ROBIN SILVER: These are animals that are incredibly wild, they’re dangerous.

Robin Silver applauds the Forest Service’s decision. Silver is co-founder of the Center for Biological Diversity. Based in Arizona, the organization is dedicated to the preservation of imperiled and endangered species and their habitats—like the Gila wilderness. Silver got involved in the fight to remove the wild cattle three years ago.

ROBIN SILVER: I walked across the Gila Wilderness in response to years worth of complaints from our members and others about being charged by feral cows and by extensive damage to the streamside areas within the wilderness.

A professional wildlife photographer, Silver began documenting what he describes as the fallout from feral cattle grazing along the Gila river bank.

ROBIN SILVER: And so they denude the streams and rivers of the streamside vegetation.

And that eliminates necessary habitat for the fish and other water animals creating a ripple effect across the whole ecosystem. In July of 2020, Silver started tracking feral cattle in the Gila Wilderness. He remembers the day he stood just a stone’s throw away from a two-ton, jet-black bull.
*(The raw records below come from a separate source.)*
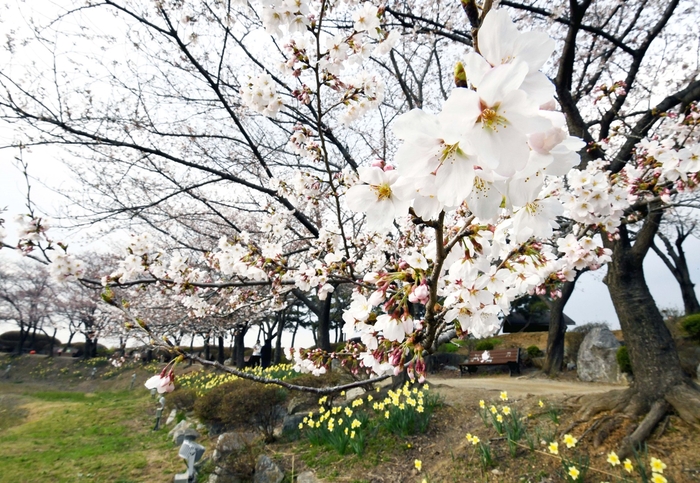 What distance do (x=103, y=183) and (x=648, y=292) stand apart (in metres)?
8.24

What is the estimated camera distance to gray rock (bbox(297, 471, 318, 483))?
408 centimetres

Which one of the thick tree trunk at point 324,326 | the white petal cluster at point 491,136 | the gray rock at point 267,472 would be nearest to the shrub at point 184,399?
the thick tree trunk at point 324,326

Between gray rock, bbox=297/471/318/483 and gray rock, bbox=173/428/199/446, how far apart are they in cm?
329

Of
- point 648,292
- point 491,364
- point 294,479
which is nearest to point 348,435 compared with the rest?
point 294,479

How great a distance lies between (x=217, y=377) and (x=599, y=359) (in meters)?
11.4

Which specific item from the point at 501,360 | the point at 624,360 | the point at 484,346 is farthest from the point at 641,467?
the point at 484,346

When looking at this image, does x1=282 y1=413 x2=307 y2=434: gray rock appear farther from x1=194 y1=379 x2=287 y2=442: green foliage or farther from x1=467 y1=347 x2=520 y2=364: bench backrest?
x1=467 y1=347 x2=520 y2=364: bench backrest

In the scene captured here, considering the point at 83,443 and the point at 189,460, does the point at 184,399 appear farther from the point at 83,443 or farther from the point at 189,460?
the point at 189,460

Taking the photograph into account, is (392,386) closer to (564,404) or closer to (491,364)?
(564,404)

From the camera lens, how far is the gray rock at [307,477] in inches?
161

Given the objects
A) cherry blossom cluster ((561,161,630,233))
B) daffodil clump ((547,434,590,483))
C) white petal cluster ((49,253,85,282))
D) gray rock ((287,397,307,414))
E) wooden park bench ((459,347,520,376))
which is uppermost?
cherry blossom cluster ((561,161,630,233))

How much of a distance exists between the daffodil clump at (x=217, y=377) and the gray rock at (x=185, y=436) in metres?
2.11

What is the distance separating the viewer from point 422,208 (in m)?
0.75

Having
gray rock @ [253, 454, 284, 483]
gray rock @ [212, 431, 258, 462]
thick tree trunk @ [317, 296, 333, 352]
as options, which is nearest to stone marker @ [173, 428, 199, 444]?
gray rock @ [212, 431, 258, 462] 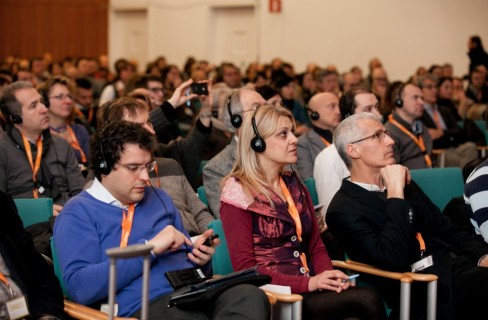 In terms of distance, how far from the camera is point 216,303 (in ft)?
9.92

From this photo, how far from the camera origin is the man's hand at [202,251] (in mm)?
3180

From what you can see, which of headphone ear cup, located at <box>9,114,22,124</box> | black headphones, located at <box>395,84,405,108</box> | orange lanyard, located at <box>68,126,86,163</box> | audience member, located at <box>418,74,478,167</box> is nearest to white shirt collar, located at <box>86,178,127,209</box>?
headphone ear cup, located at <box>9,114,22,124</box>

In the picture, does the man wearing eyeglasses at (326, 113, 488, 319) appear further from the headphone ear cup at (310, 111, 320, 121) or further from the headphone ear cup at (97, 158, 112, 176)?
the headphone ear cup at (310, 111, 320, 121)

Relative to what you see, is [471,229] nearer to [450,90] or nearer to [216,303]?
[216,303]

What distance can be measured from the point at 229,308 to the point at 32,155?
2.44 meters

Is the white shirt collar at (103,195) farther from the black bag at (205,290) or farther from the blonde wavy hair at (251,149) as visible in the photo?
the blonde wavy hair at (251,149)

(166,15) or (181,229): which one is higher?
(166,15)

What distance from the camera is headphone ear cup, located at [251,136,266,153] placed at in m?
3.59

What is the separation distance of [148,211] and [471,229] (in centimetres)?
178

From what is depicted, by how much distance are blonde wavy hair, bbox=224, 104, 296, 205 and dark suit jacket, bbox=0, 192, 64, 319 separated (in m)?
1.01

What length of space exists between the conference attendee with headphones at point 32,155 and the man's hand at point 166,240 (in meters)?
1.88

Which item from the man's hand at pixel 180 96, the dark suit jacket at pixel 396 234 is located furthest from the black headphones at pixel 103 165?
the man's hand at pixel 180 96

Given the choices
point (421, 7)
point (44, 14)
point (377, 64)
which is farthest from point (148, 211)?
point (44, 14)

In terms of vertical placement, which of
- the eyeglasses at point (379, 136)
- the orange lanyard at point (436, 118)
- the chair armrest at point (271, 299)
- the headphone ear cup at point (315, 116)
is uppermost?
the eyeglasses at point (379, 136) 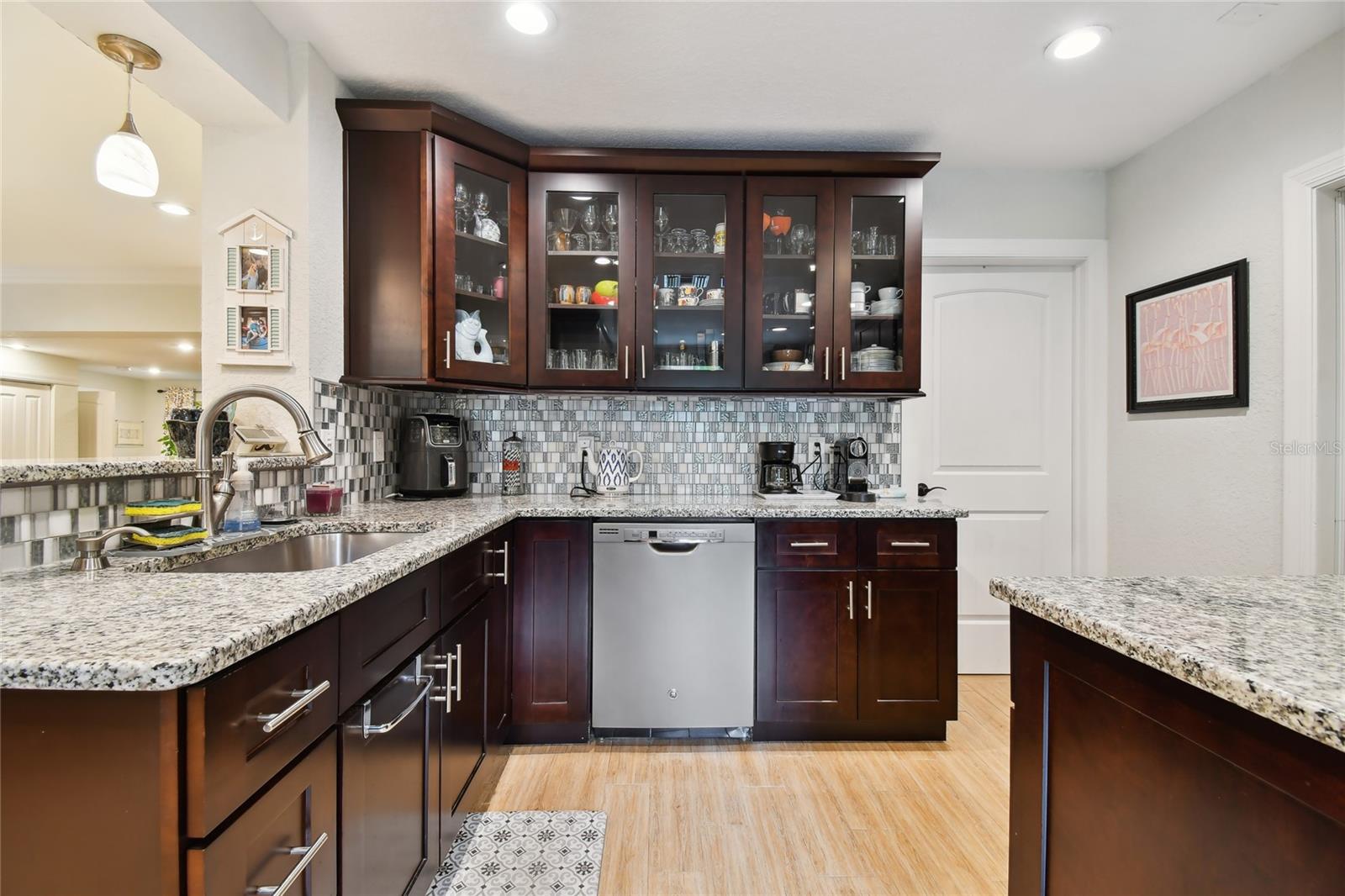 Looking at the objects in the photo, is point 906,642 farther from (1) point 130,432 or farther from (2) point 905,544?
(1) point 130,432

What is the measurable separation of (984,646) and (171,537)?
322 cm

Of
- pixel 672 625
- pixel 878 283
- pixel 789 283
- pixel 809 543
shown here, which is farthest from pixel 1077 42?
pixel 672 625

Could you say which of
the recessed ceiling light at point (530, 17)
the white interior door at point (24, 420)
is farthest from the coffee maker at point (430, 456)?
the white interior door at point (24, 420)

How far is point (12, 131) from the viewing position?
7.89 ft

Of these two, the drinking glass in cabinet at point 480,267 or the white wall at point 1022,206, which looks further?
the white wall at point 1022,206

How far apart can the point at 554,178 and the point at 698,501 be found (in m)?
1.53

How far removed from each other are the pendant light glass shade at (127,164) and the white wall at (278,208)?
0.31 metres

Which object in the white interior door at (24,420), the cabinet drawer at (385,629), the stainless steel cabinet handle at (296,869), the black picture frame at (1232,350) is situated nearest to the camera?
the stainless steel cabinet handle at (296,869)

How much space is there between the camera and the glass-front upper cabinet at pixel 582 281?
2.34 m

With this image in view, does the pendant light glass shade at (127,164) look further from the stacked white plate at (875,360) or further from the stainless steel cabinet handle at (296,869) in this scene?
the stacked white plate at (875,360)

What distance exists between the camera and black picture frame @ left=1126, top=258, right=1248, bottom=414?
2023 mm

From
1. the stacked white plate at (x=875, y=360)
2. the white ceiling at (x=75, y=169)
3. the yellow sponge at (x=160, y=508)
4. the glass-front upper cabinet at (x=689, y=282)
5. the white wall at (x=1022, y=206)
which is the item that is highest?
the white ceiling at (x=75, y=169)

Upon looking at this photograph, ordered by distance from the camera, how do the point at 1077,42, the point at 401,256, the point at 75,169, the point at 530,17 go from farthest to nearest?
the point at 75,169
the point at 401,256
the point at 1077,42
the point at 530,17

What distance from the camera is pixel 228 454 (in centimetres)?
132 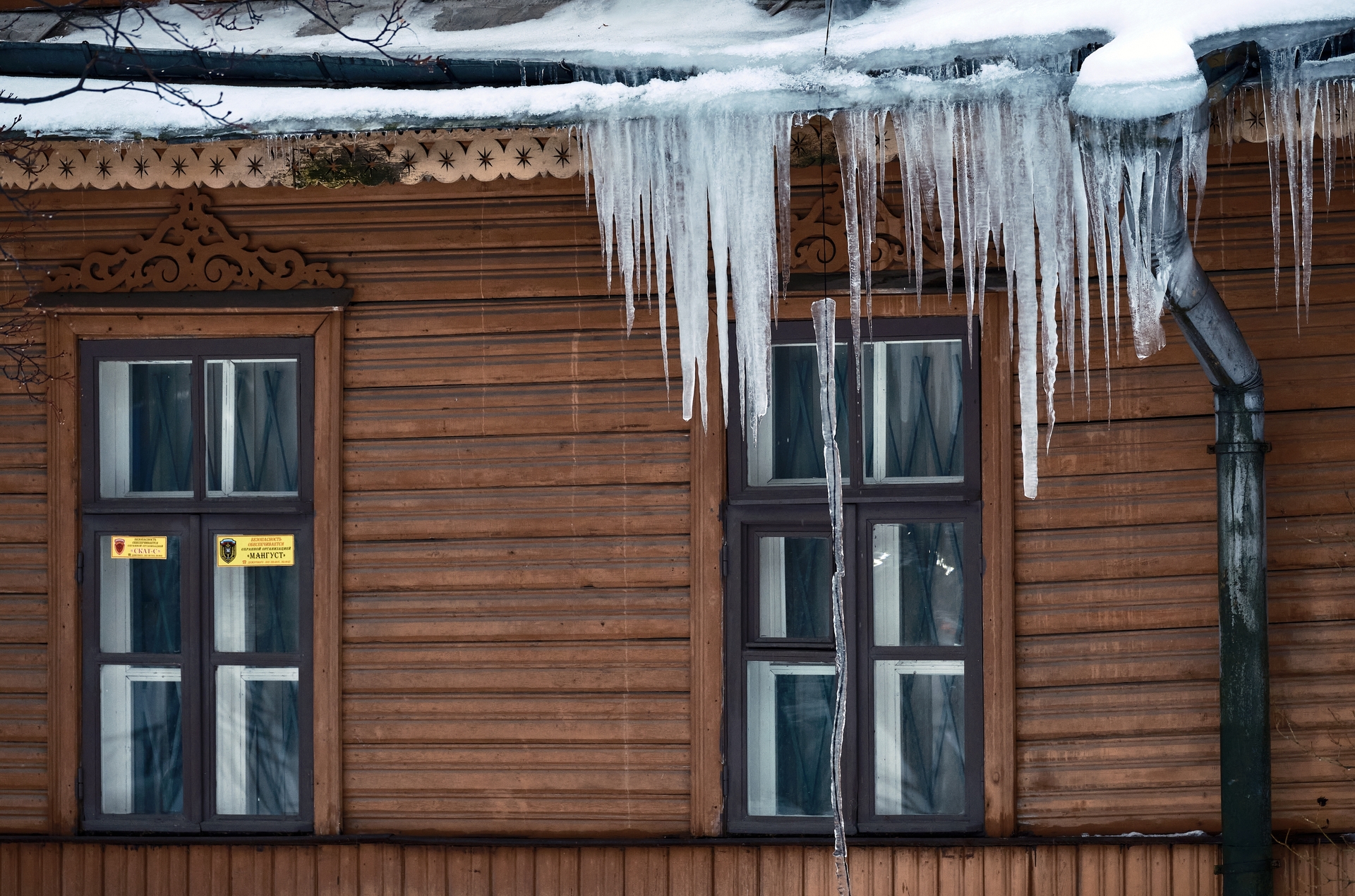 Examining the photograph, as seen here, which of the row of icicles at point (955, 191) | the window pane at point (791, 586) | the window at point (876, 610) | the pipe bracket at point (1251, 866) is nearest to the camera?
the row of icicles at point (955, 191)

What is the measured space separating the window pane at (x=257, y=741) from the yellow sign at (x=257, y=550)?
0.41 metres

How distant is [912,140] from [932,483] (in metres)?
1.32

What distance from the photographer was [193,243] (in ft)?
14.6

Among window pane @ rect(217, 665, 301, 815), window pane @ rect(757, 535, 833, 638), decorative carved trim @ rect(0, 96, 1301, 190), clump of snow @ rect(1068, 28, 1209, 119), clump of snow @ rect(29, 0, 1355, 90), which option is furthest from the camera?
window pane @ rect(217, 665, 301, 815)

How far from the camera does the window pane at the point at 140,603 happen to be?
4.55 meters

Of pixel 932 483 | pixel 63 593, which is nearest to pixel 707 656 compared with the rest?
pixel 932 483

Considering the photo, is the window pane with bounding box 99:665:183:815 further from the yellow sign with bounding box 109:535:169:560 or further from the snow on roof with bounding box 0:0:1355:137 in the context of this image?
the snow on roof with bounding box 0:0:1355:137

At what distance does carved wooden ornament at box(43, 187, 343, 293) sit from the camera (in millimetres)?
4434

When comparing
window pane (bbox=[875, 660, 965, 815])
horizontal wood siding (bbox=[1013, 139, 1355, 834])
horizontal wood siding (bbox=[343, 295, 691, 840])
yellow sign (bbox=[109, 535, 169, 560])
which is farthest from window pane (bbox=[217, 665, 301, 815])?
horizontal wood siding (bbox=[1013, 139, 1355, 834])

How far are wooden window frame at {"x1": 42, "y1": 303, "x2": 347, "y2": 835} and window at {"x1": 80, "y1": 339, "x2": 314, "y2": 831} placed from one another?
43 mm

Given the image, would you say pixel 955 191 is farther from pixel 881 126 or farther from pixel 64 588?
pixel 64 588

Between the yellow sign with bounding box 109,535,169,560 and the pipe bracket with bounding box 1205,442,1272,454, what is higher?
the pipe bracket with bounding box 1205,442,1272,454

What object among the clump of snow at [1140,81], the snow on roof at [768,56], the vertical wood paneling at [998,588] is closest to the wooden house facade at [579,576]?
the vertical wood paneling at [998,588]

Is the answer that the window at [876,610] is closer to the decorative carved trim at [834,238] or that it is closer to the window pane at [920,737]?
the window pane at [920,737] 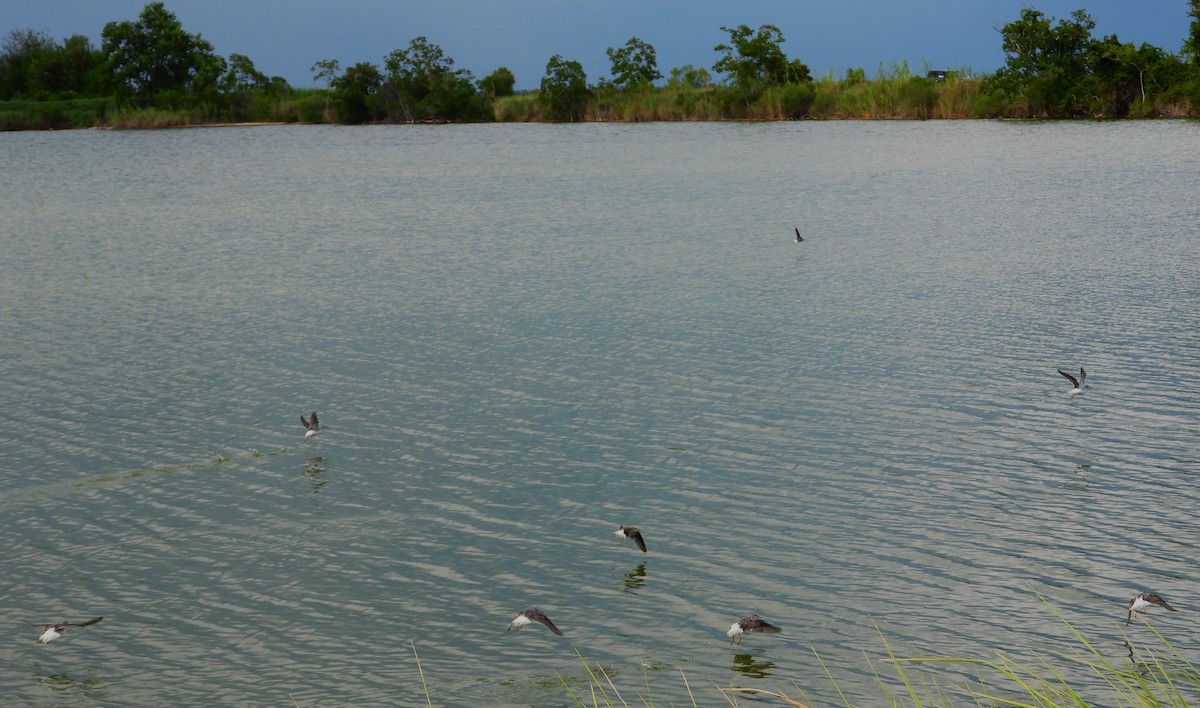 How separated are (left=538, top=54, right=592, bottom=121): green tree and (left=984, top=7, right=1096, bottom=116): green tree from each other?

ROBIN SILVER: As soon as he heard the camera click, he turned around and ran.

Silver says that experience demonstrates both how skittish and how dangerous the wild cattle are.

ROBIN SILVER: They attack the horses of the cowboys that are trying to round them up. At best they can get a rope around them.

He argues it also suggests at least some of the ranchers on the ground aren’t any more humane than the sharpshooters in the air.

ROBIN SILVER: Then they tie them to a tree until the cow becomes exhausted. The cows are thrashing the entire time. They’re usually hurt. And then they literally have to drag them out between 20 to 30 miles over rugged terrain, put them in a truck, take them to an auction yard and then to slaughter.

It’s unlikely Silver and Patterson will ever agree on the best way to remove the cattle. But both admit, while the animals don’t belong in that part of the Gila Wilderness, they are still God’s creation. Again, Loren Patterson.

LOREN PATTERSON: As far as I’m concerned, He’s giving me that calling on my own ranches. That’s probably the purpose-driven life I have is to care for His land and animals and as an industry and as an association, we all demand that of ourselves and we expect the Forest Service to live up to that expectation, too.

Reporting for WORLD, I’m Myrna Brown.


WORLD Radio transcripts are created on a rush deadline. This text may not be in its final form and may be updated or revised in the future. Accuracy and availability may vary. The authoritative record of WORLD Radio programming is the audio record.